== Task brief ==
At the line containing "Mauricio Cárdenas deberá", begin an exact copy, and continue through the last line of the entries below. Leave out any pictures.
--
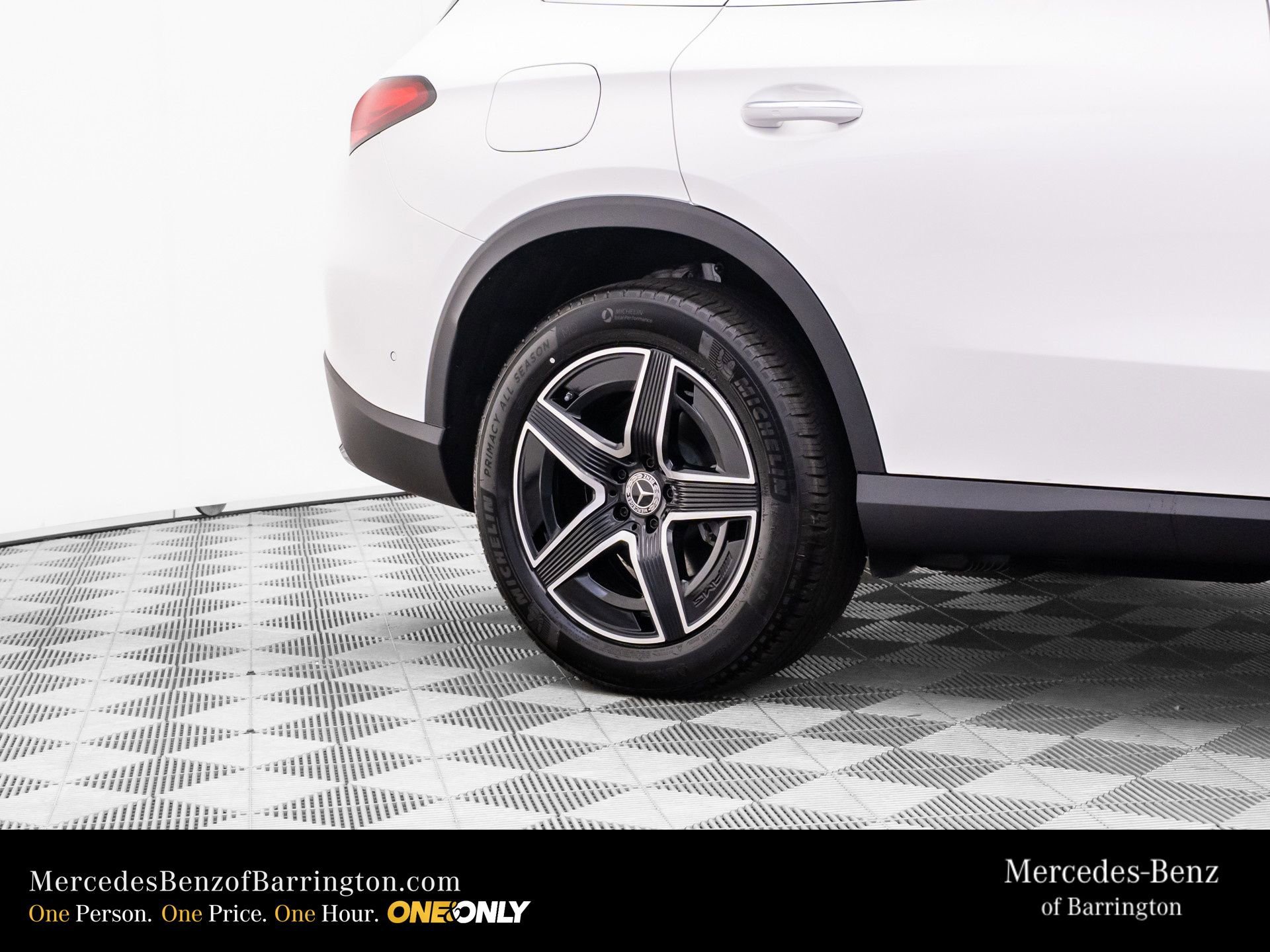 New 2026 Polar White Mercedes-Benz GLC 300 image 80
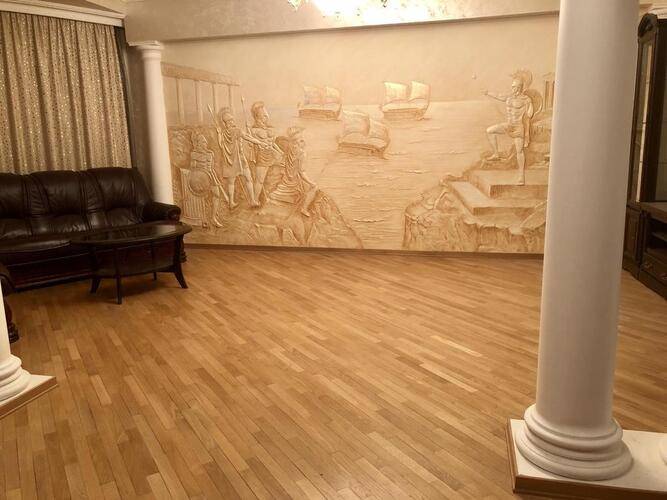 Отель Монарх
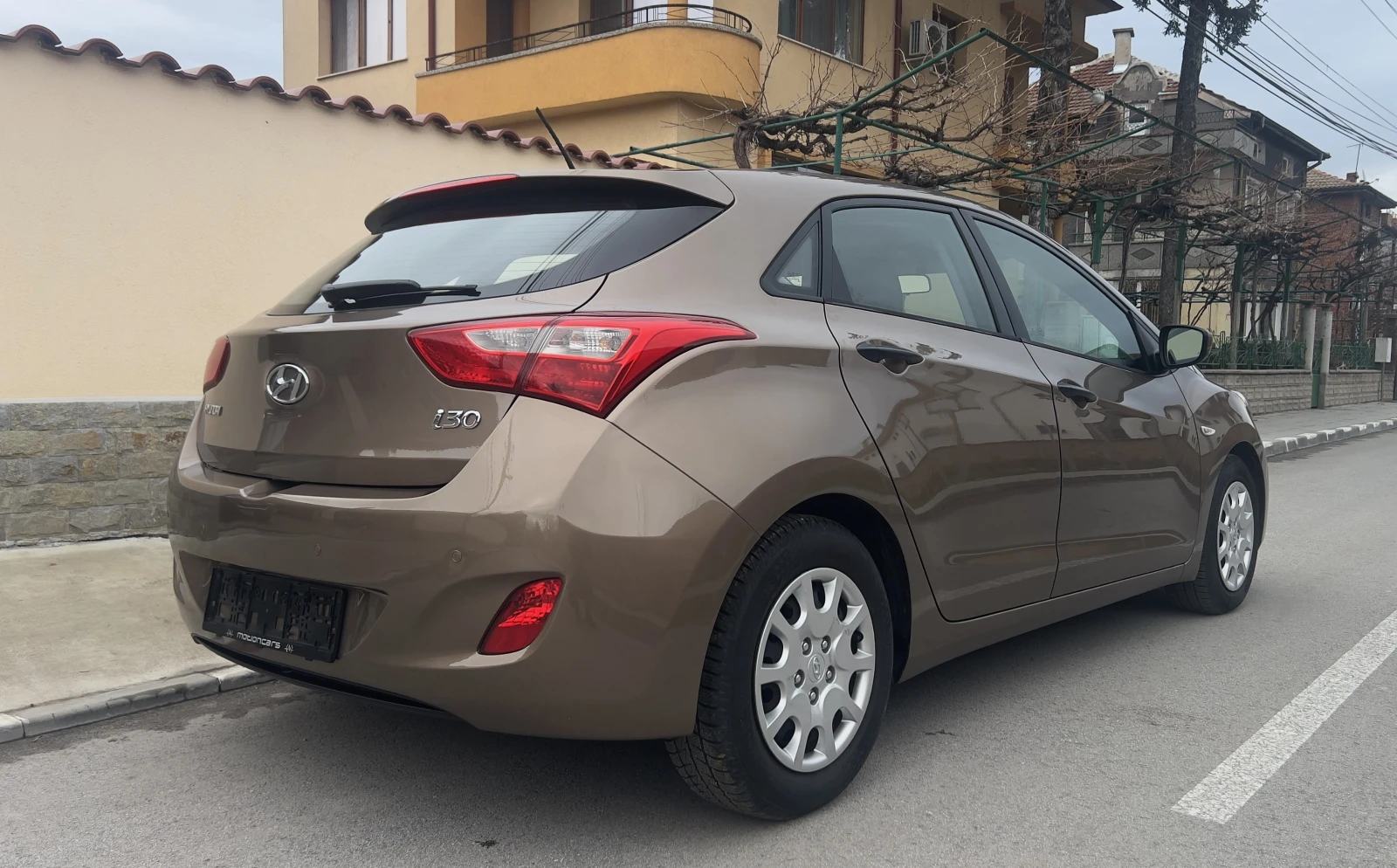 Hyundai I30 1.4i 2014г, снимка 3 - Автомобили и джипове - 53889975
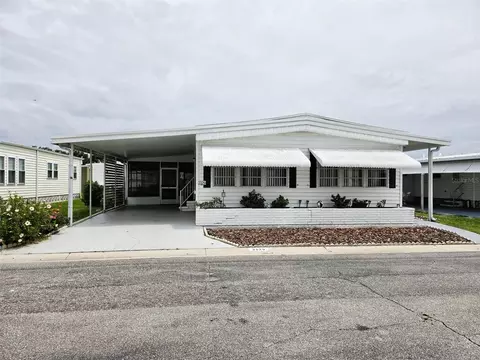 3329 Oakwood Blvd N, Sarasota, FL 34237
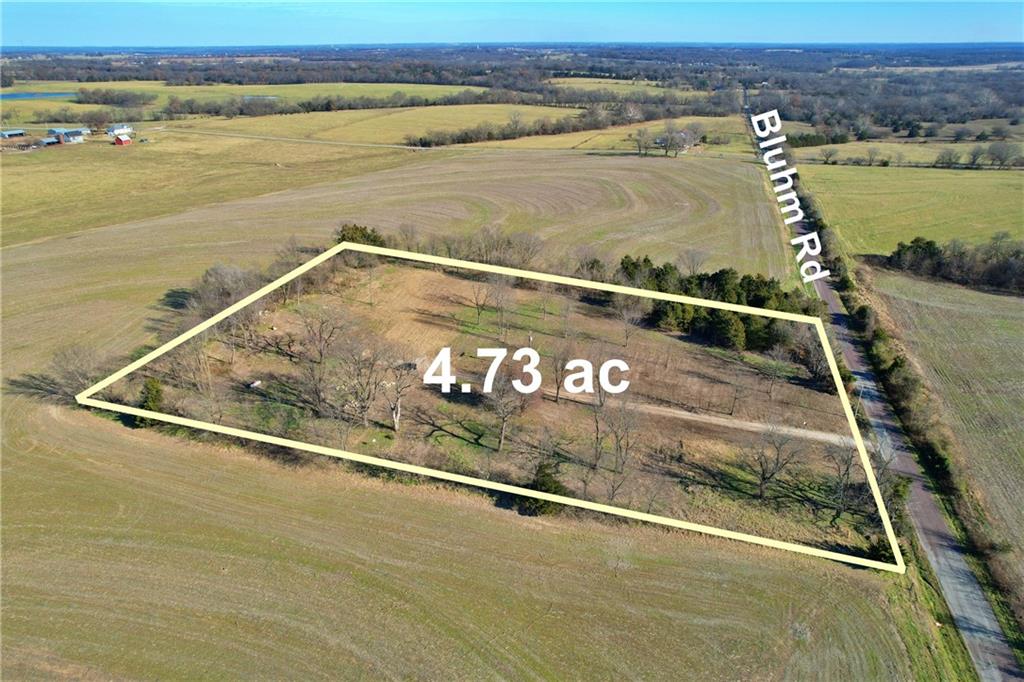 32251 Bluhm Rd, Smithton, MO 65350
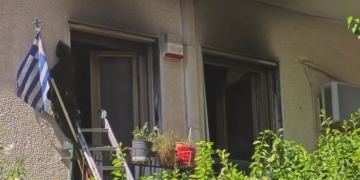 Τραγωδία από φωτιά σε διαμέρισμα στα Πατήσια - Μία νεκρή και ένας άνδρας με εγκαύματα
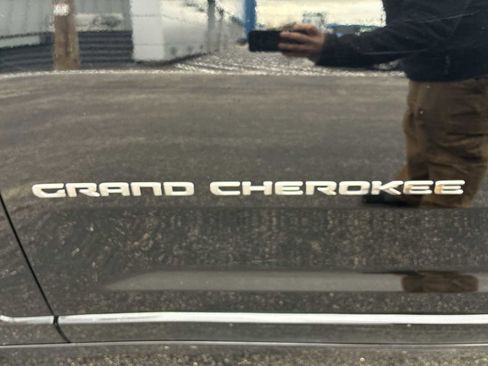 Used 2022 Jeep Grand Cherokee L Overland w/ Advanced Protech Group III image 33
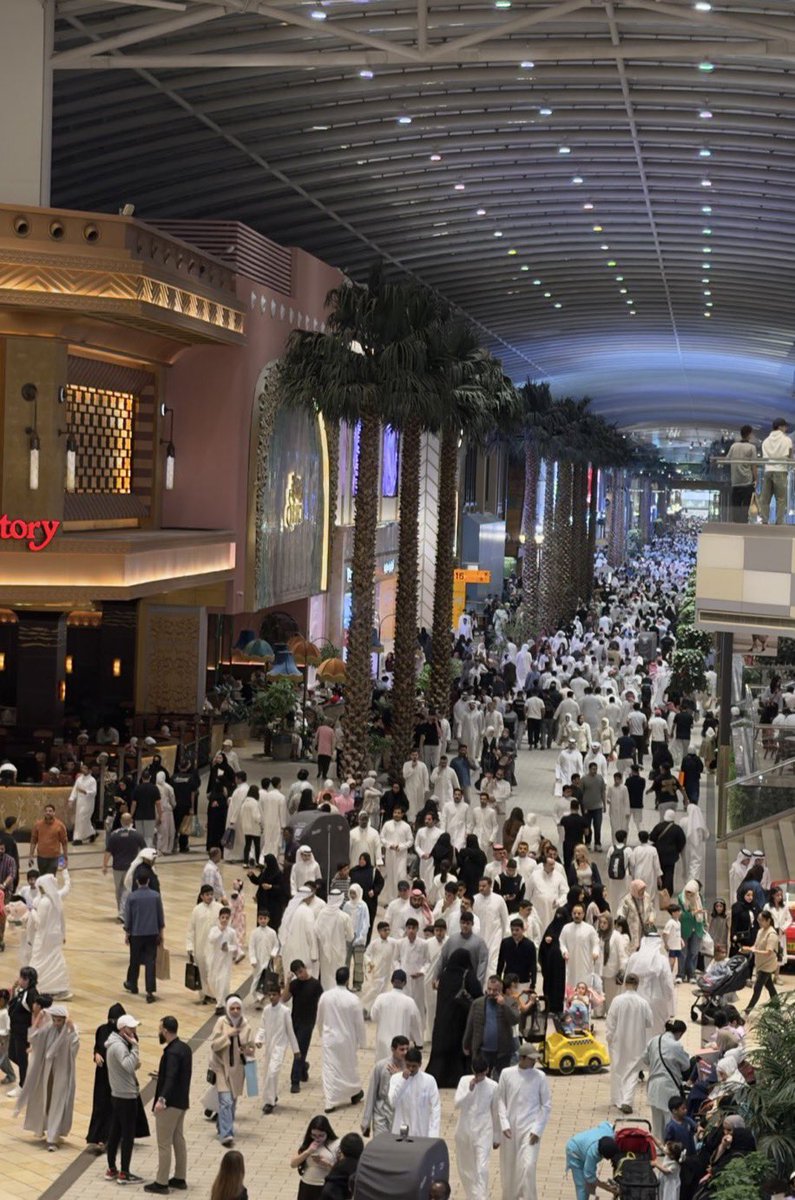 سـاري tweet media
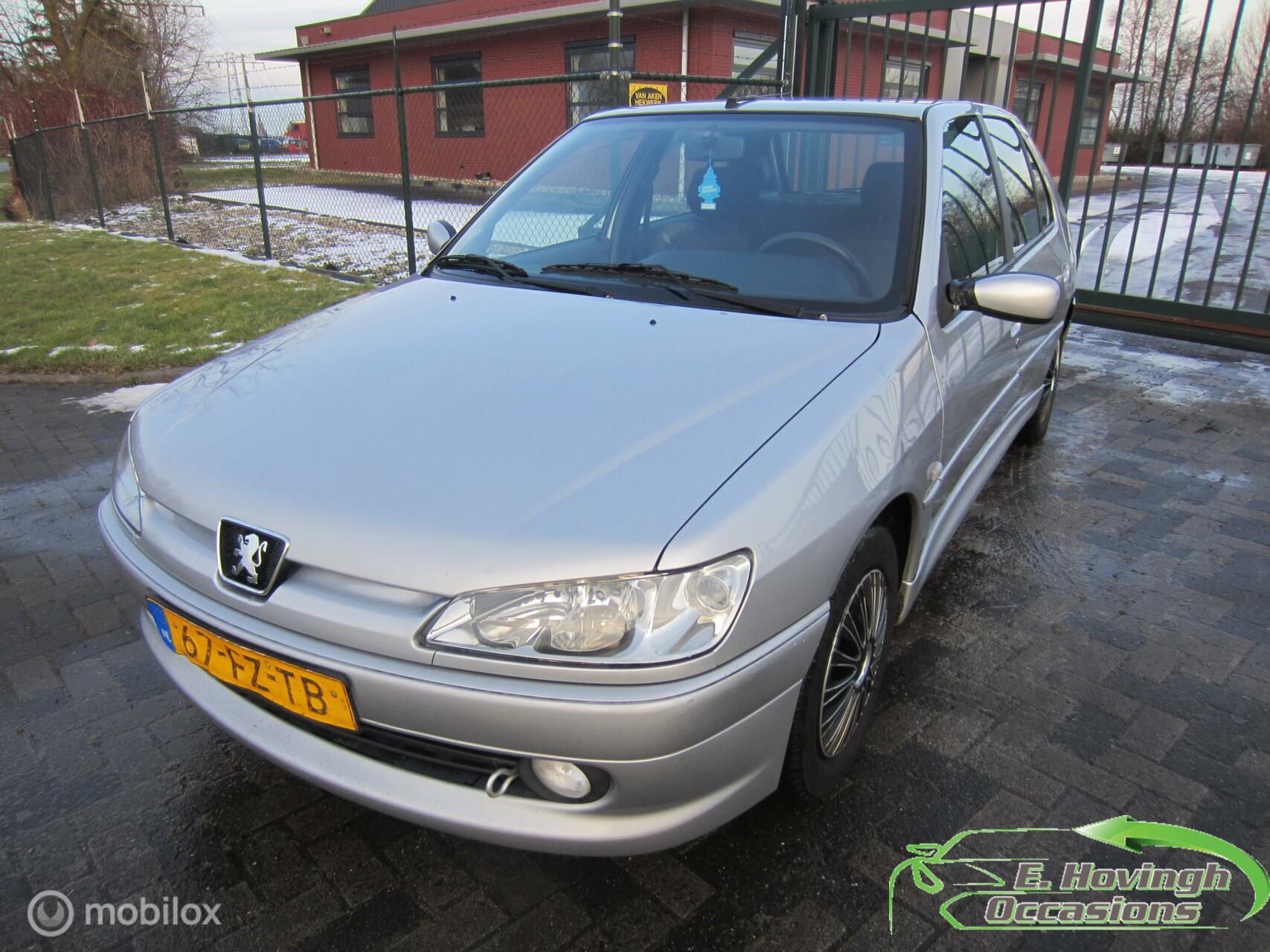 Peugeot 306 1.4 XR 2000 - voorkant
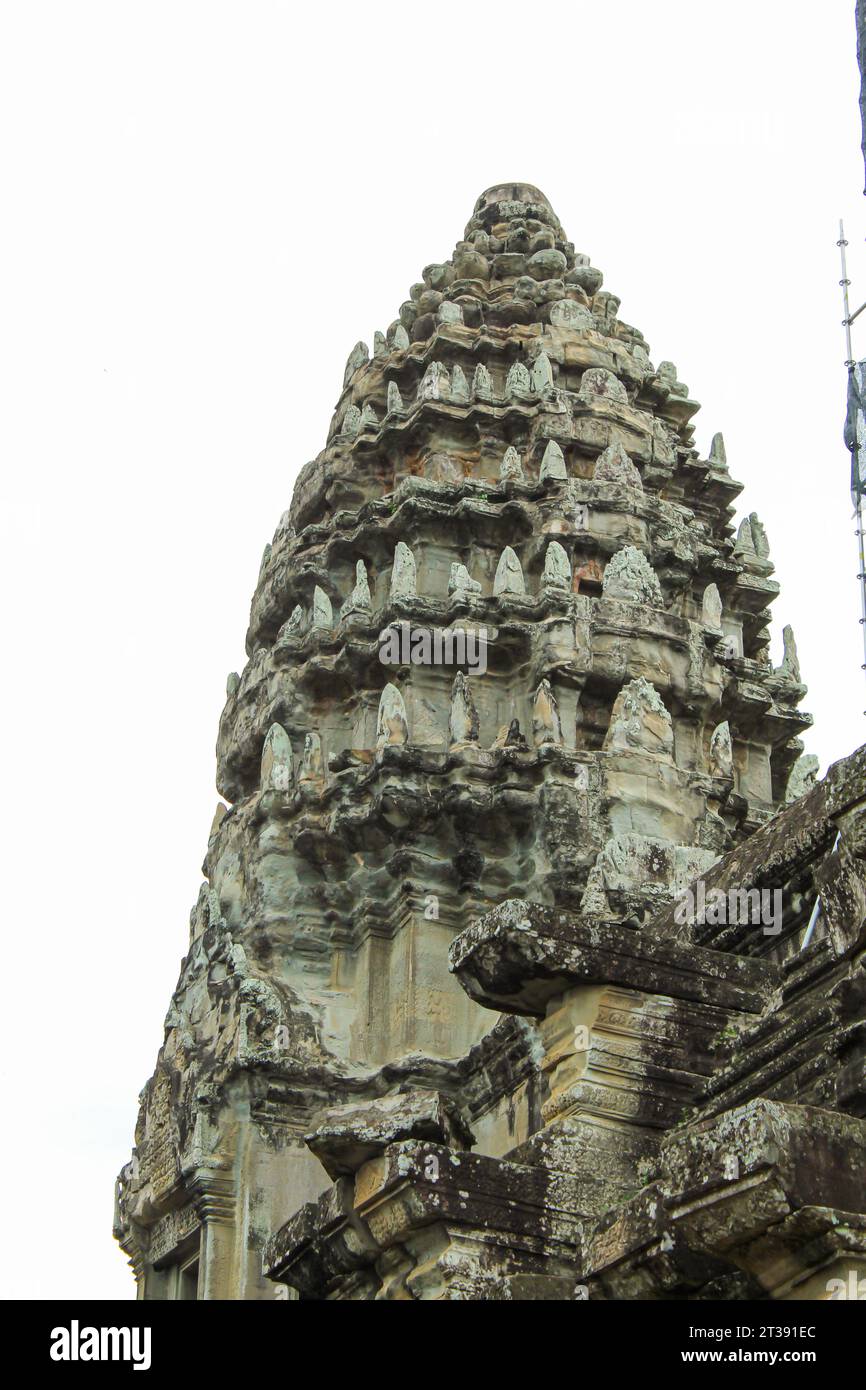 Großer Turm Am Angkor Wat Temple Complex. Angkor Wat ist Ein Tempelkomplex in Kambodscha und das größte religiöse Denkmal der Welt. Stockfoto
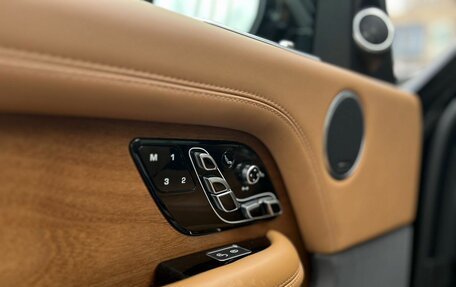 Land Rover Range Rover IV рестайлинг, 2019 год, 7 700 000 рублей, 13 фотография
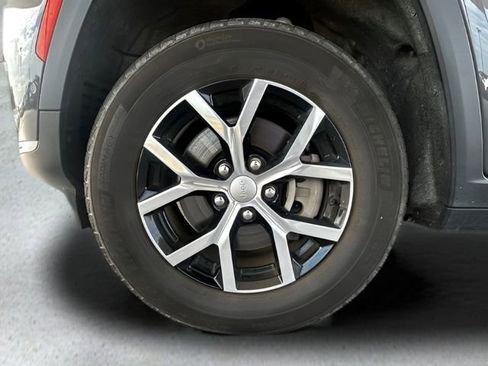 Used 2024 Jeep Grand Cherokee L Limited w/ Luxury Tech Group II image 21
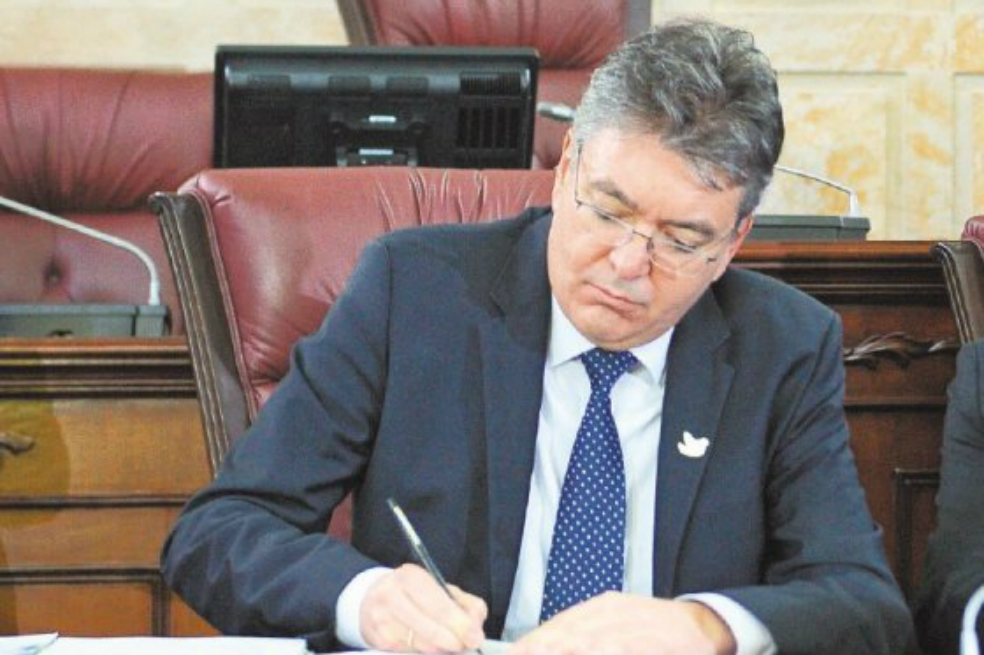 Mauricio Cárdenas deberá pagar $57 millones de impuesto de renta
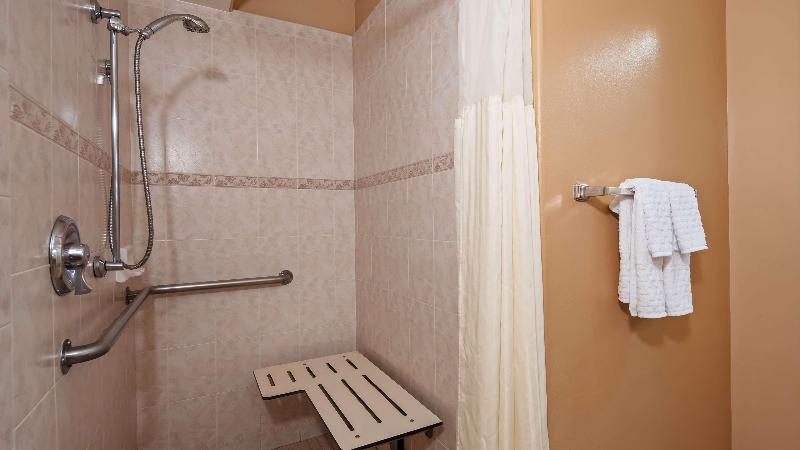 استودیو استاندارد با تخت کینگ, Beverly Wilshire, A Four Seasons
--
== Your response ==
 Mauricio Cárdenas deberá pagar $57 millones de impuesto de renta
 استودیو استاندارد با تخت کینگ, Beverly Wilshire, A Four Seasons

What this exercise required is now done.